"Forget it Jake, it’s Chinatown" – five simple words perfectly encapsulating the deceit, corruption, and destruction wrought by the abuse of power. And five simple words that also capture the 130-odd minutes of arcane noir-ish plotting that preceded it. It’s an iconic parting gesture from an equally, and deservedly, iconic film.
The Jake in question is Jake Gettes (Jack Nicholson) who has been hired to investigate a bigwig in the Los Angeles water and power bureaucracy on the premise of adultery. But soon enough he’s entangled in a byzantine plot to corruptly purchase land in the Californian desert and redirect water through a massive aqueduct to LA against the wishes of local residents. Then he stumbles across incest and other various skeletons in various closets. Somewhat against type, Nicholson’s Gettes is not the sneering, confident huckster we have come to expect from Jack or cinema detective gumshoes – he’s fallible, confused and occasionally wrong.
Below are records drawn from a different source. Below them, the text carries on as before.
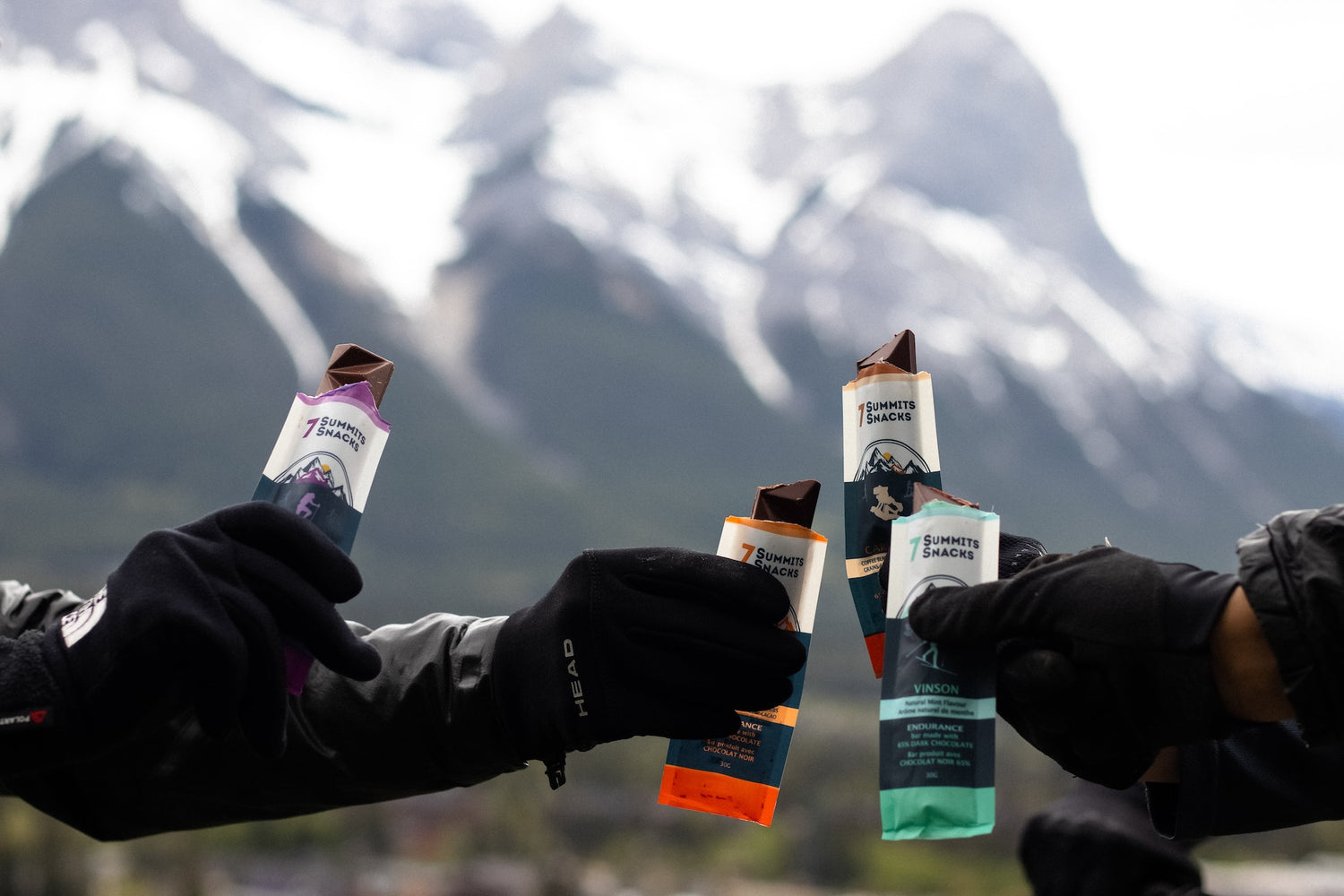 Several Endurance Athletes Showing Which Chocolate Energy Bar They Prefer - 7 Summits Snacks
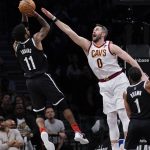 
              Cleveland Cavaliers' Kevin Love, right, tries to block a shot by Brooklyn Nets' Kyrie Irving during the first half of the opening basketball game of the NBA play-in tournament Tuesday, April 12, 2022, in New York. (AP Photo/Seth Wenig)
            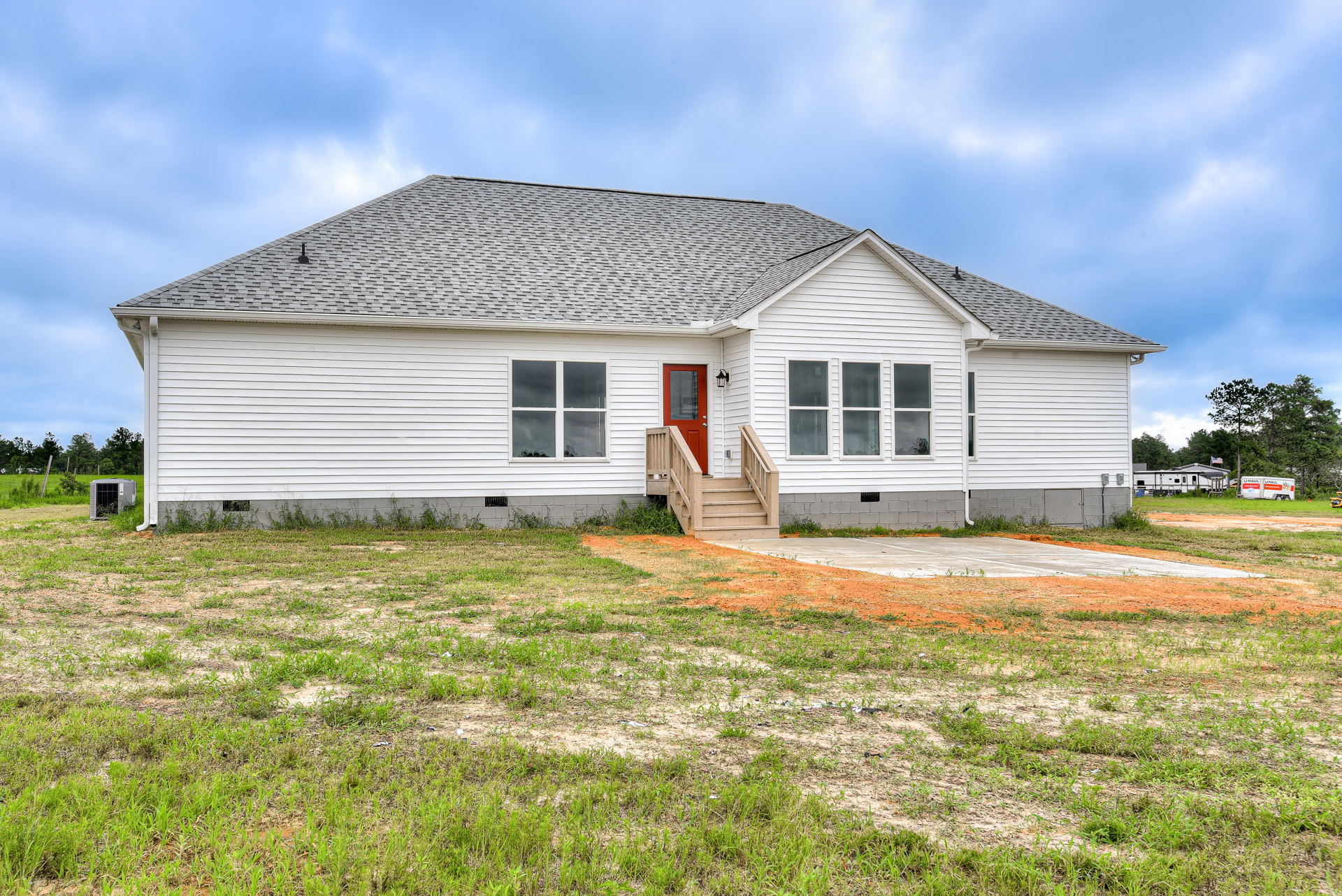 White siding house with red front door, wooden staircase, white-framed windows, and green lawn under partly cloudy sky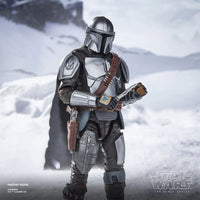 The Mandalorian & Grogu Deluxe Star Wars The Black Series 6-Inch Action Figure in armored suit holding a device in snowy scene new in box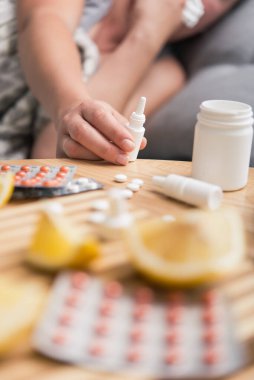 Genç kız üşütmüş ve grip olmuş, evde tedavi edilmiş, burun spreyi kullanıyor..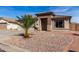 Charming single-story home featuring a desert landscape, tile roof, and cozy, welcoming entrance at 16035 N 159Th Dr, Surprise, AZ 85374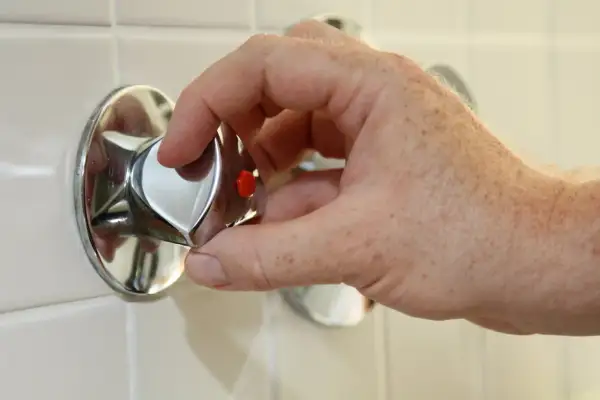 Hand dreht am Duschthermostat, um den wasseranschluss abzudichten.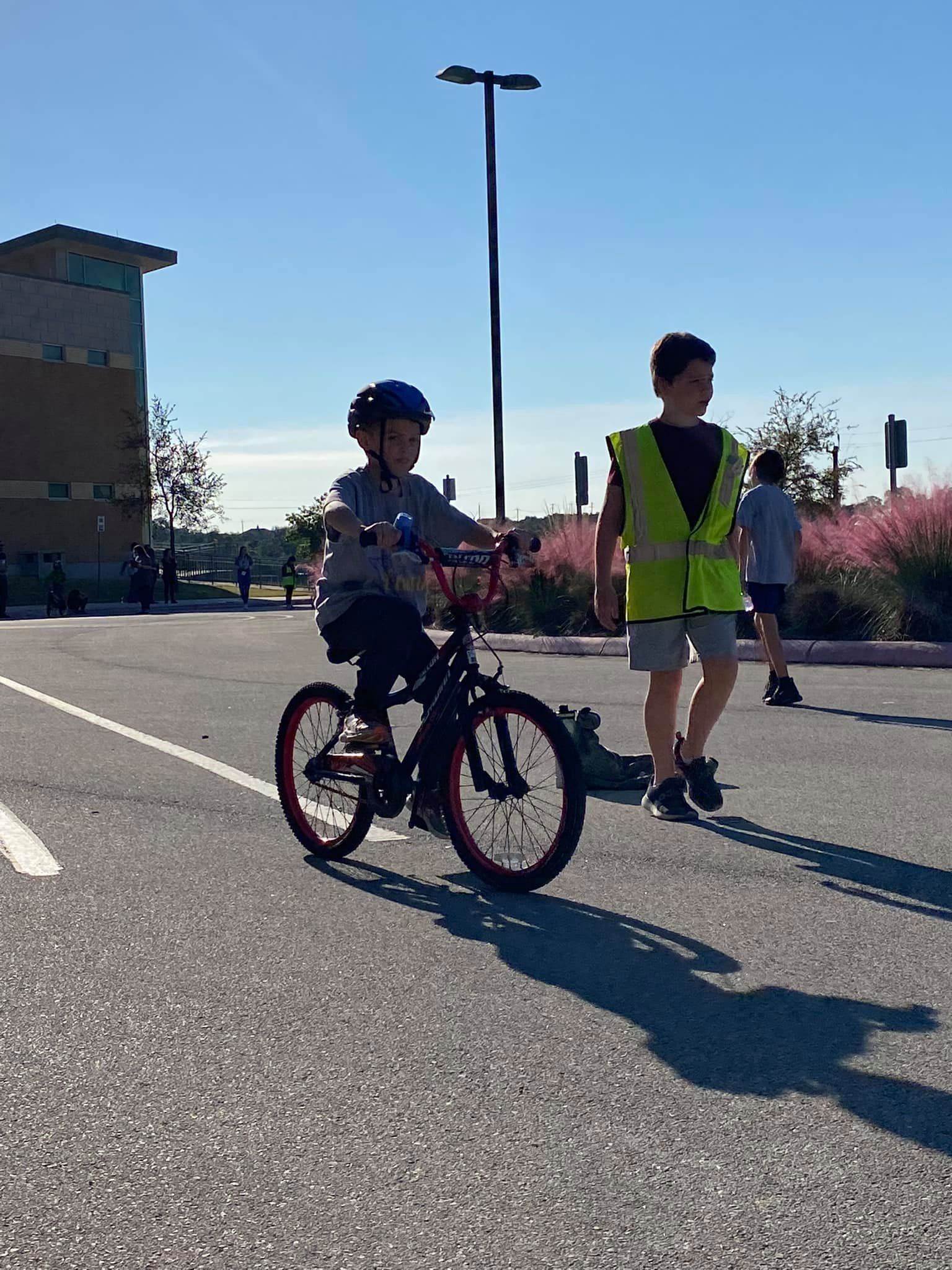 Child on a bicycle with another child walking nearby on a sunny paved path.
Based loosely on the Californian Water Wars at the end of the 19th century, Chinatown was Roman Polanski’s first film in the US after the murder of his wife and unborn child by the Manson Family in 1969. Little wonder then that the film reeks of pessimism, threats of violence and injustice. Nicholson sports a bandage for most of the film, covering a knife wound perpetrated by a small time hood played by, you guessed it, Polanski. It’s a reminder that, try as you might, it’s impossible to hide the impact of greed and violence. In the end, the little guys (farmers, the poor, immigrants) are scorched by the evils of capitalism, left figuratively and literally out to dry. Previous transfers of this 1974 film have been left wanting so it’s a relief this rerelease is the definitive version of a true classic.